I’ve just come back from 24 hours in and around Birmingham. The trip started with the West Midlands Region AGM held at the RSA Academy in Tipton. I always enjoy my visits to the Academy and the pleasure is even greater after the incredibly impressive results the students achieved in GCSE exams this year. The new school is gradually rising out of the ground and there is a great sense of excitement and ambition about the place.

About twenty five hardy souls turned up for the AGM. I don’t think anyone who has been involved in the region in recent years would say it has had the easiest of times. Difference of strategy and style have led to resignations from the committee, projects have been started and not followed through and it has even been hard to engage the regional Fellowship with the great opportunity offered by the Birmingham Book Festival (supported by the RSA and run by Jonathan Davidson FRSA). The hard work of various committee members has led to a good programme of events but these haven’t generally resulted in further activities.

The remaining members of the committee are aware of these issues and at the AGM presented a vision for the future of the region which was more ambitious and outward looking. But this was delivered and received more in hope than expectation. The idea that the RSA Fellowship can be a positive force for change is accepted, the question is how and with what human and other resources?

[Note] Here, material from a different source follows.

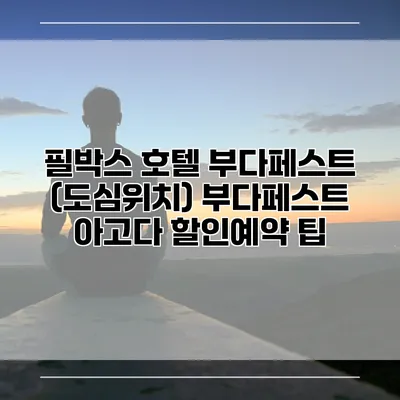 필박스 호텔 부다페스트 (도심위치) 부다페스트 아고다 할인예약 팁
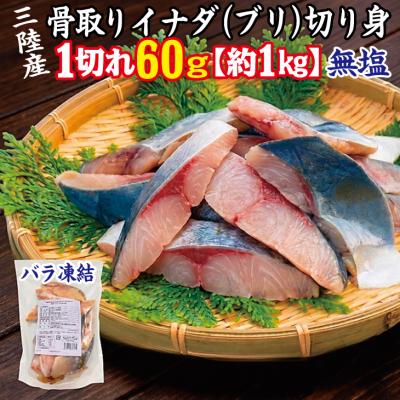 ふるさと納税 普代村 三陸産 骨取り イナダ(ブリ) 鰤 切り身 (無塩・約1kg[60g切り身]) 国産 岩手県産 冷凍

Then today, after the happy interlude last night of watching West Brom win at the Hawthorns and enjoying a couple of pints of black country beer, I had really constructive meetings with key people from the Birmingham business community, with the team overseeing the development of the new Birmingham Central Library, and the vice chancellor of a West Midlands university. In all these meetings there was a great appetite to work with the RSA, and genuine enthusiasm for our way of looking at the world and our priorities for action.

So the demand for the RSA to be partners, bringing our values, our expertise and our networks is great. We know as well that we have the talent in the Fellowship to be able to respond to the demand. And we know that our Fellows are the kind of people who are inclined to respond positively when they are asked to do something useful. But yet it is still hard to join the dots.

As I say, this is partly about culture. The idea that we want to empower the Fellowship is still new and most of our Fellows were not asked to join on that basis. It is also about skills. The team here is great and has developed important new ideas, for example the Fellows newsletter, but now we will all need new skills: how to assess emerging projects, to explore what support is needed from the centre, to guide and help Fellows without taking the initiative away from them. And most of all we need examples of what this means in practice: real evidence of the difference the Fellowship can make.

Of the many challenges facing the RSA over the next year or so this is the biggest and the most exciting.